My son is a coloring kid. He’ll sit at the kitchen table with his crayons for the better part of an hour, completely absorbed, and honestly those are some of my favorite moments to watch. The trouble is we burn through coloring books fast. One day we ran out entirely, so I went online to print some pages — and the experience was just terrible. Ads covering half the screen, paywalls, sign-up forms before you can download a single sheet. I ended up using ChatGPT to make drawings for him instead.

The idea for ColrPage
ChatGPT worked surprisingly well, but I kept copy-pasting the same kind of prompt over and over, and the coloring pages got buried under everything else I use it for.
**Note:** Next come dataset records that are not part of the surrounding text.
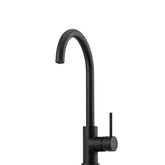 OLIVERI VENICE GOOSENECK MIXER TAP MATTE BLACK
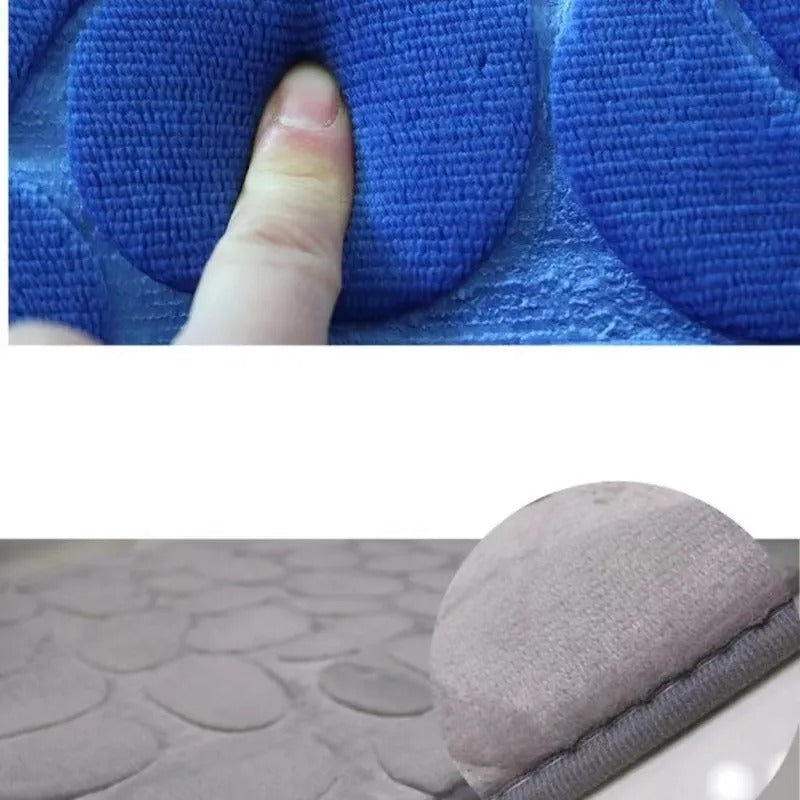 Bathroom mat set of 3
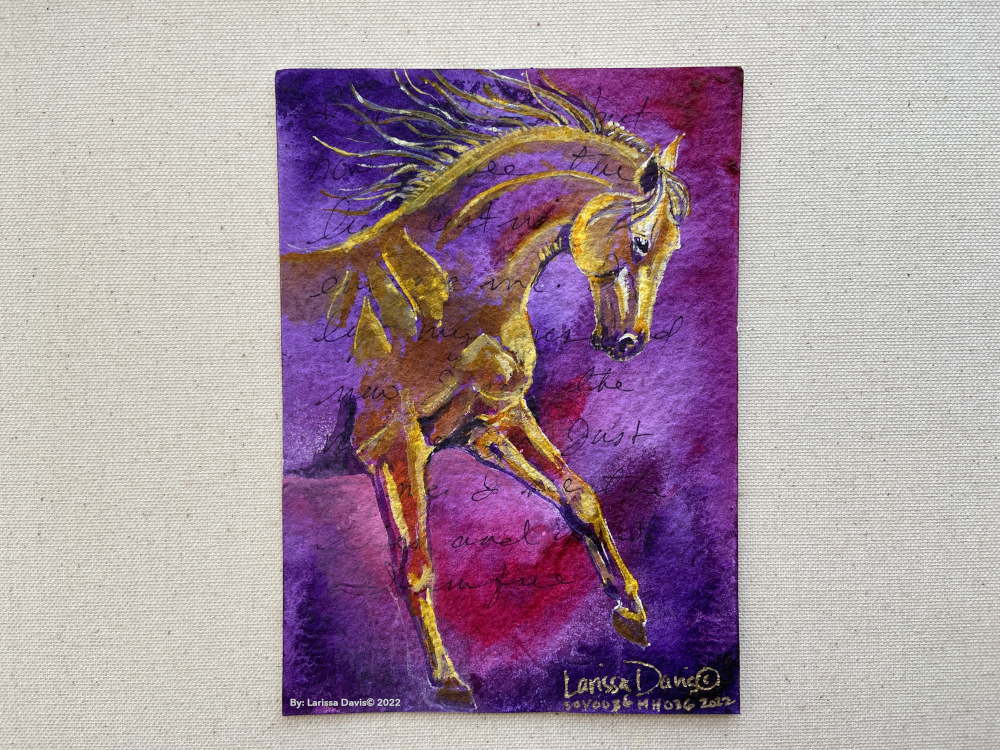 Larissa Davis Sovereign Collection: The Hundred Horses 036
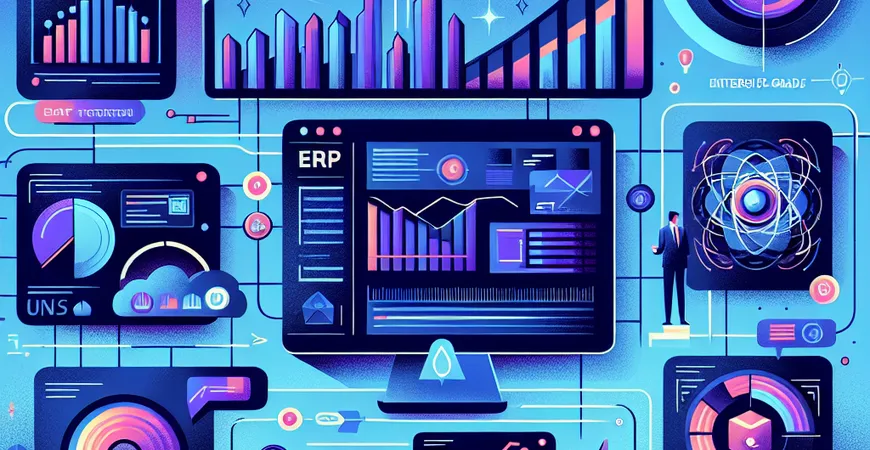 ERP数据分析的未来趋势？专家预测行业发展方向。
At some point I thought: why not just build a little app for this? Somewhere I could describe what I want, tap a button, and have something ready to print and hand to my son before breakfast. That’s how ColrPage started — on a weekend, at this very kitchen table, while he was coloring next to me.

A place for parents
Now we’ve got this little corner where I can quickly whip up coloring pages, dig up older ones, and print whatever he’s in the mood for. Every page created on ColrPage is public by default, so what one parent makes, another family gets to enjoy. Browsing and printing are completely free. There are premium features if you want to generate your own pages, but the whole library is open to everyone — no strings attached.
At its heart, ColrPage is about getting coloring pages off the screen and into your kid’s hands. That’s really all it is.